Phil Richards wrote:
What is the relationship between these two pages? Is it documented anywhere?
I think that issues.html might only be displaying issues from compilers that are marked as 'required platforms' (those being the ones whose names appear in bold on summary.html). The compiler list looks a bit out of date though. Phil Richards wrote:
Is it actually an issue that the release has quite a lot of unresolved issues for gcc 4.4?
Most of those failures only occur when the compiler is in c++0x mode, though the failures in GIL do look to be down to bug #3041, which doesn't seem to have been merged to Release. -- View this message in context: http://old.nabble.com/Confused-by-regression-testing-%22release%22-branch-su... Sent from the Boost - Dev mailing list archive at Nabble.com.

On Wed, 2009-11-04 at 15:38 -0800, Richard Webb wrote:
Phil Richards wrote:
What is the relationship between these two pages? Is it documented anywhere? I think that issues.html might only be displaying issues from compilers that are marked as 'required platforms' (those being the ones whose names appear in bold on summary.html). The compiler list looks a bit out of date though.
It certainly looks out of date with regards the release note for 1.41.0. It looks to me as if all the compilers listed on the current summary.html for the release are "primary platforms", and I don't understand, therefore, why they aren't all highlighted in bold, and why they don't appear on the "unresolved issues" page. Is there something I'm missing? Not knowing what errors to expect from the release makes it hard for people who wish to test the beta: I don't know whether the errors I'm seeing *are* expected or not. Phil -- Phil Richards, <news@derived-software.ltd.uk>

Phil Richards <news <at> derived-software.ltd.uk> writes:
It certainly looks out of date with regards the release note for 1.41.0.
It looks to me as if all the compilers listed on the current summary.html for the release are "primary platforms", and I don't understand, therefore, why they aren't all highlighted in bold, and why they don't appear on the "unresolved issues" page.
The explicit-failures-markup.xml on the release branch lists the following compilers as 'required' : acc darwin-4.0.1 gcc-4.1.2_sunos_i86pc gcc-4.1.3_linux gcc-4.2.1 gcc-4.2.1_hpux_ia64 gcc-4.2.1_linux_x86_64 intel-linux-9.0 intel-vc8-win-10.0 intel-win-10.0 msvc-7.1 msvc-8.0 msvc-8.0_64 Which is a bit out of step with the compilers that are actually being tested on that branch.
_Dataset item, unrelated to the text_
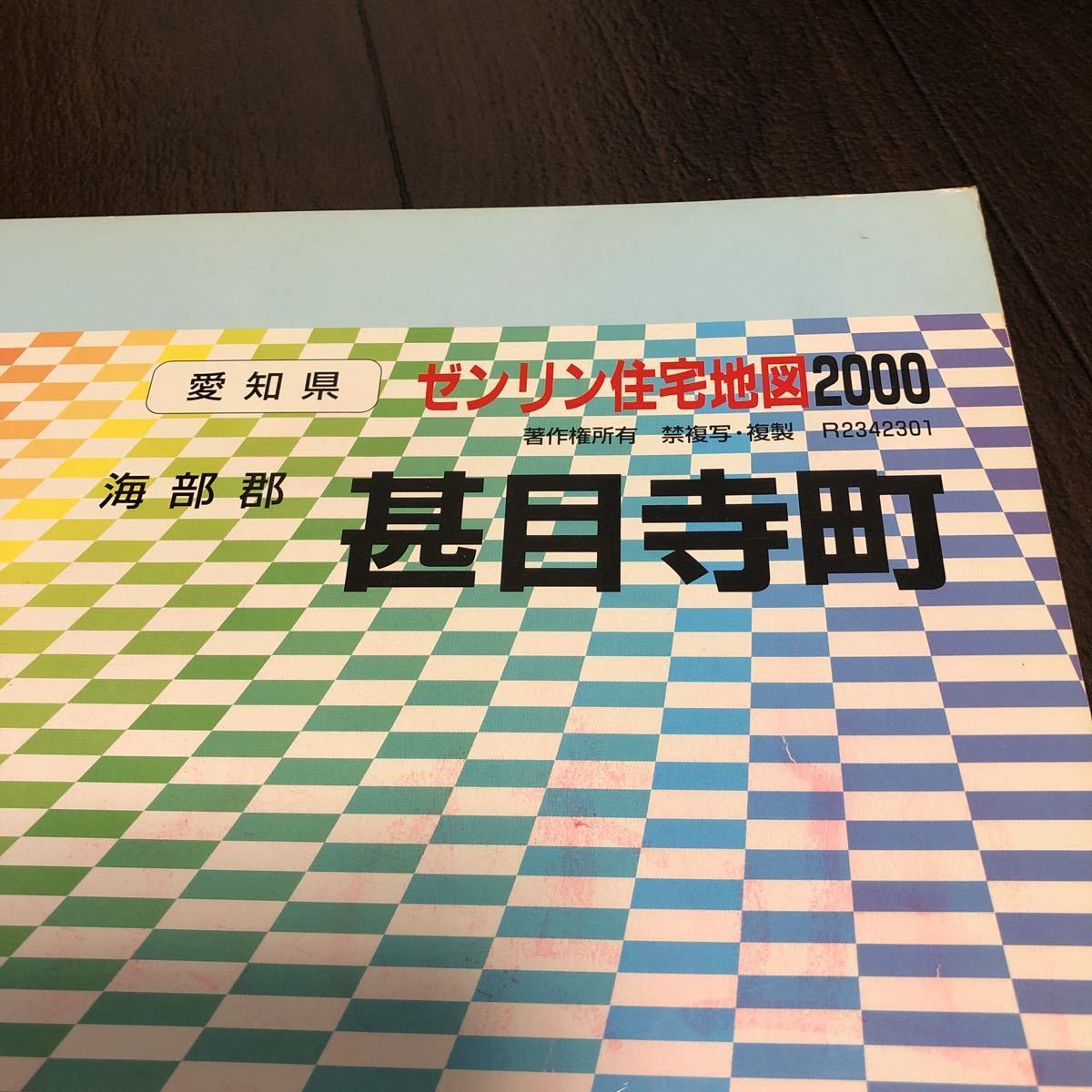 愛知県海部郡甚目寺町 2000年3月発行★ゼンリン住宅地図★B4版 古地図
Looks like it would be usefull to reconsider this list.

On Mon, Nov 9, 2009 at 10:05 AM, Richard Webb <richard.webb@boldonjames.com> wrote:
Phil Richards <news <at> derived-software.ltd.uk> writes:
It certainly looks out of date with regards the release note for 1.41.0.
It looks to me as if all the compilers listed on the current summary.html for the release are "primary platforms", and I don't understand, therefore, why they aren't all highlighted in bold, and why they don't appear on the "unresolved issues" page.
The explicit-failures-markup.xml on the release branch lists the following compilers as 'required' :
acc darwin-4.0.1 gcc-4.1.2_sunos_i86pc gcc-4.1.3_linux gcc-4.2.1 gcc-4.2.1_hpux_ia64 gcc-4.2.1_linux_x86_64 intel-linux-9.0 intel-vc8-win-10.0 intel-win-10.0 msvc-7.1 msvc-8.0 msvc-8.0_64
Which is a bit out of step with the compilers that are actually being tested on that branch. Looks like it would be usefull to reconsider this list.
Agreed. I'll update it. --Beman
participants (3)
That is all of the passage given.